▶ **Supplied information**
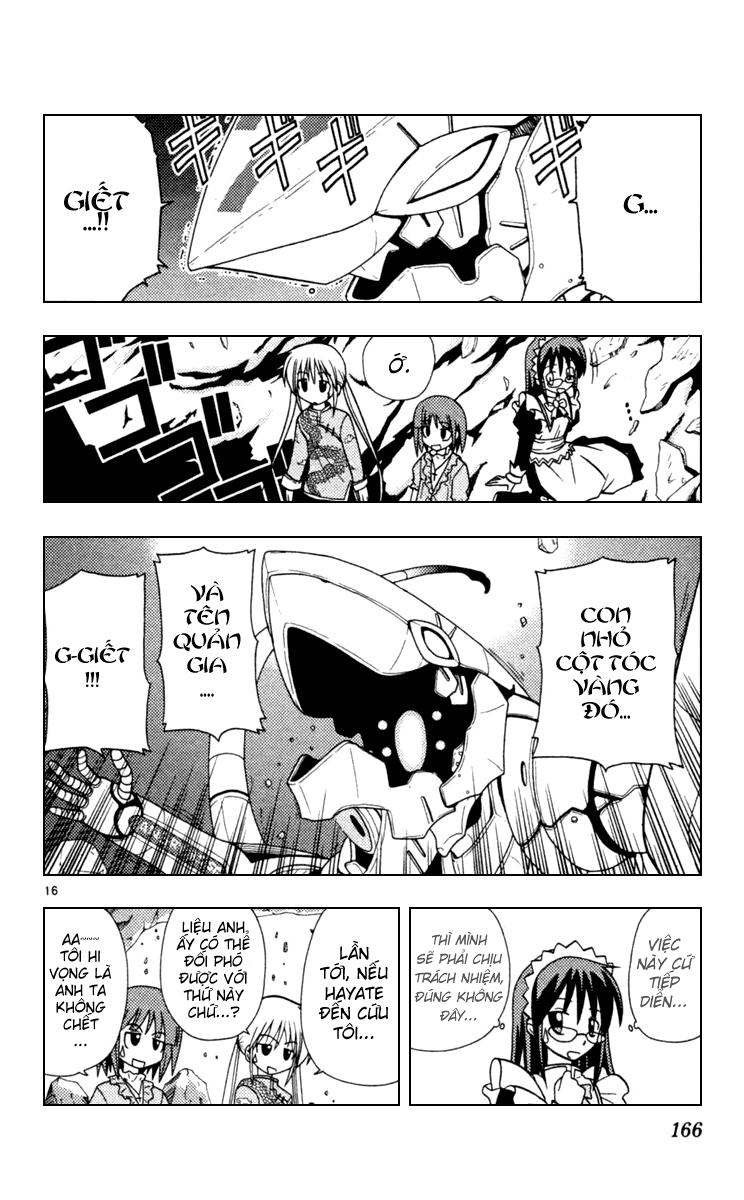 Chàng Quản Gia Chapter 30 - 16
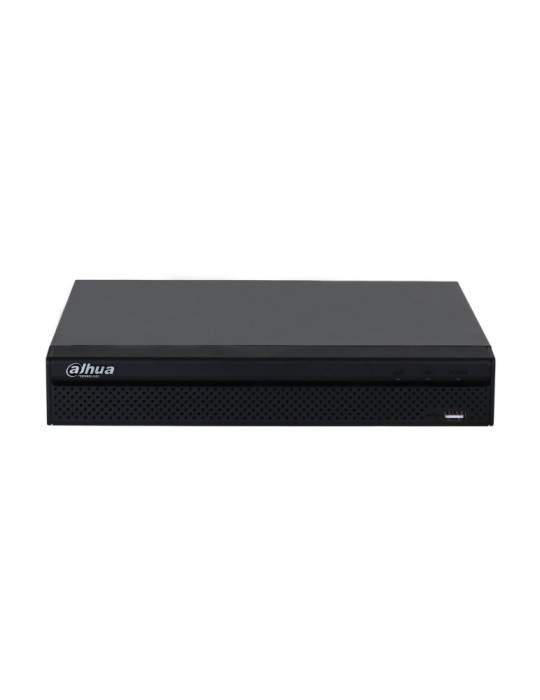 Grabador Videovigilancia NVR IP 12MP 4 Canales DAHUA DHI-NVR2104HS-P-S3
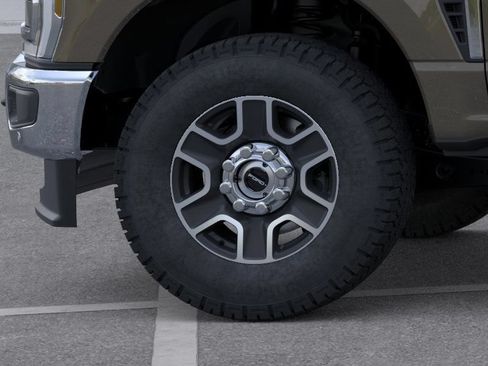 New 2026 Ford F350 Lariat w/ Lariat Premium Package AWD/4WD image 20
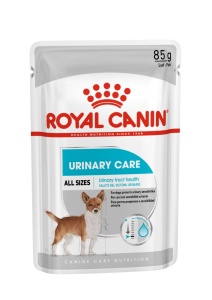 Royal Canin Urinary Care Adult, hrana umeda caine, sanatatea tractului urinar (pate), 12 x 85G - Img 7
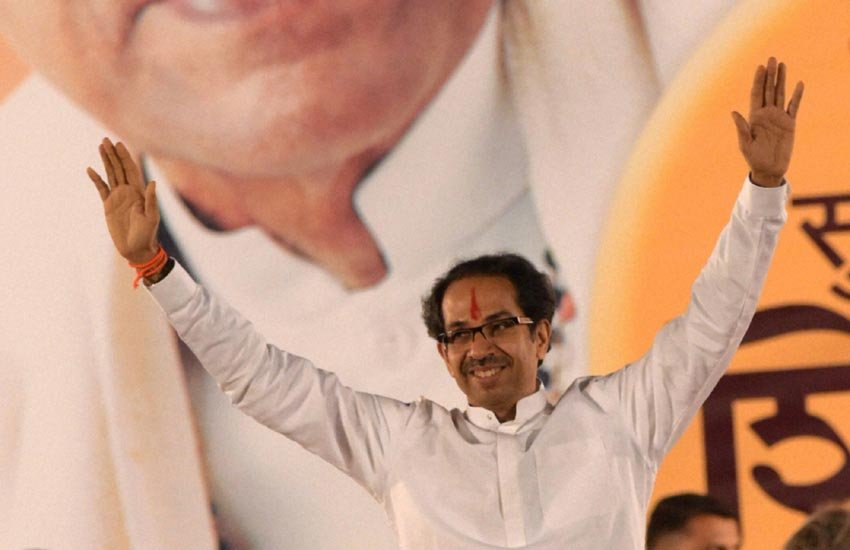 Shiv sena BJP Alliance, Uddhav Thackeray news, NDA BJP Alliance, Mumbai Civic Polls, Shiv sena latest News, Shiv sena BJP News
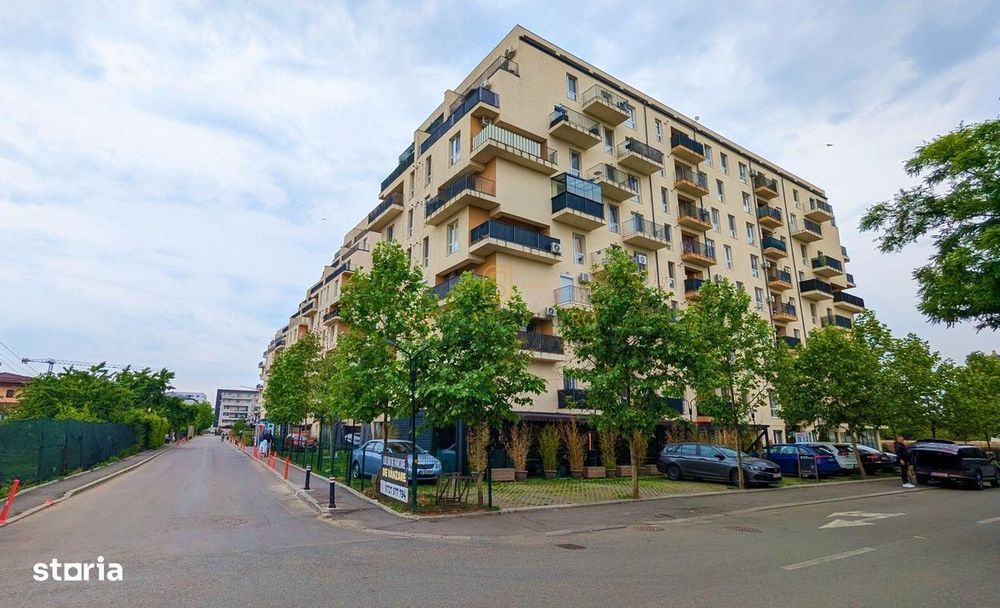 Apartament 2 camere , zona Luica-Brancoveanu, Berceni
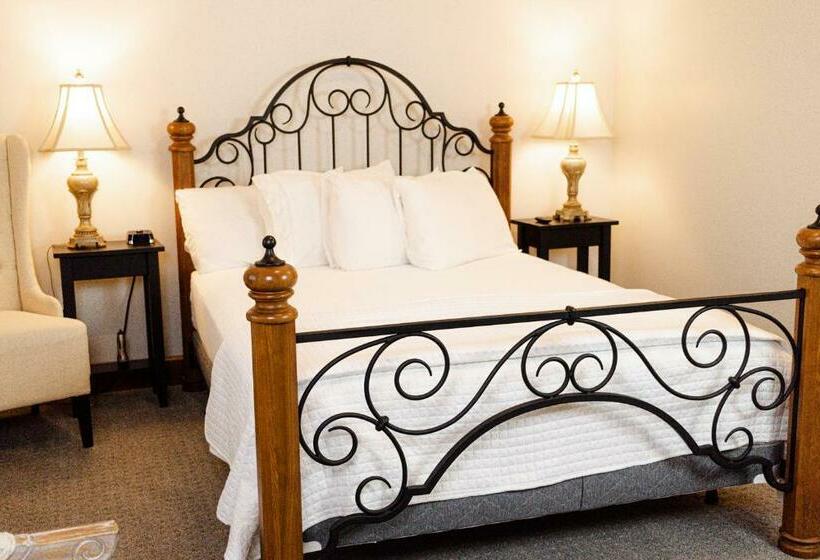 غرفة قياسية, Hillside Villa Ohio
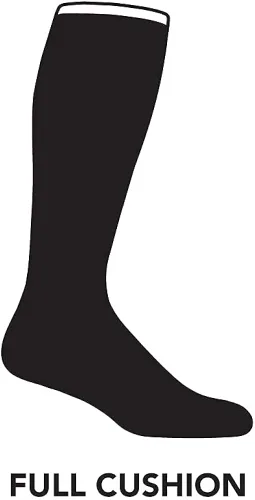 Vista 6 de Darn Tough RFL Thermolite - Calcetines ultraligeros para hombre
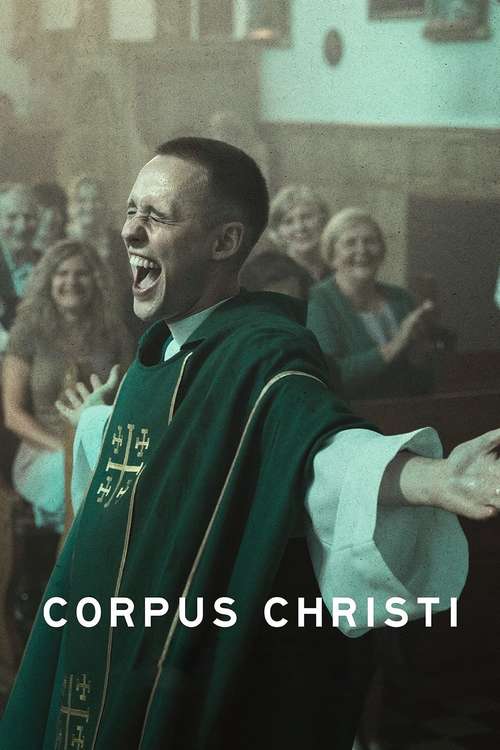 Cover Corpus Christi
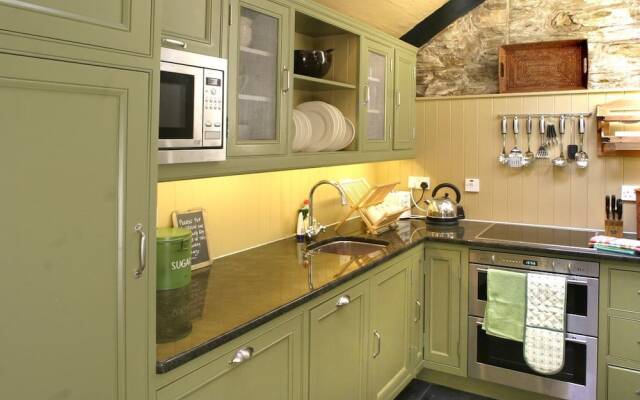 Waterside Holiday Cottages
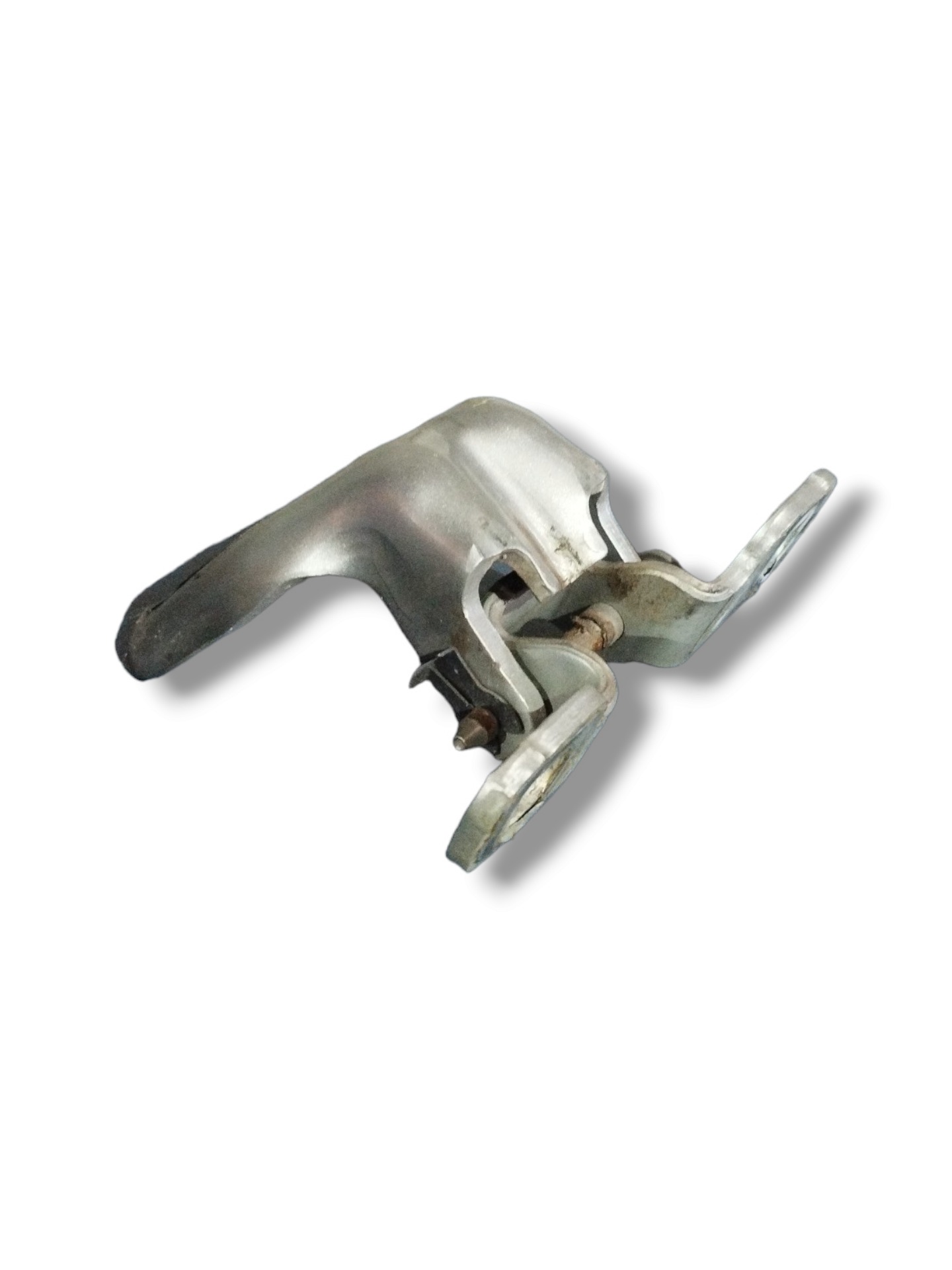 Dobradiça Porta Dianteira Direita Renault Sandero 599554a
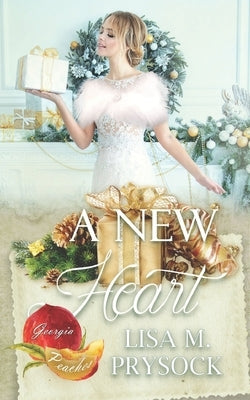 A New Heart by McKevitt, V.
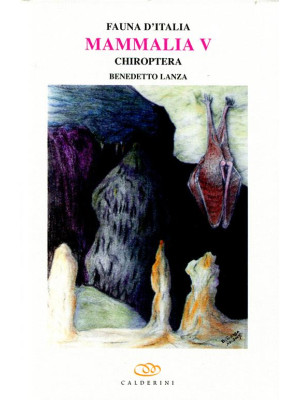 Mammalia V. Chiroptera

▶ **What to work on**
Give back exactly the lines of the listing above from the one that contains "Royal Canin Urinary" up to and including the one that contains "غرفة قياسية, Hillside Villa Ohio", but not the pictures, and no other lines.

▶ **Response below**
 Royal Canin Urinary Care Adult, hrana umeda caine, sanatatea tractului urinar (pate), 12 x 85G - Img 7
 Shiv sena BJP Alliance, Uddhav Thackeray news, NDA BJP Alliance, Mumbai Civic Polls, Shiv sena latest News, Shiv sena BJP News
 Apartament 2 camere , zona Luica-Brancoveanu, Berceni
 غرفة قياسية, Hillside Villa Ohio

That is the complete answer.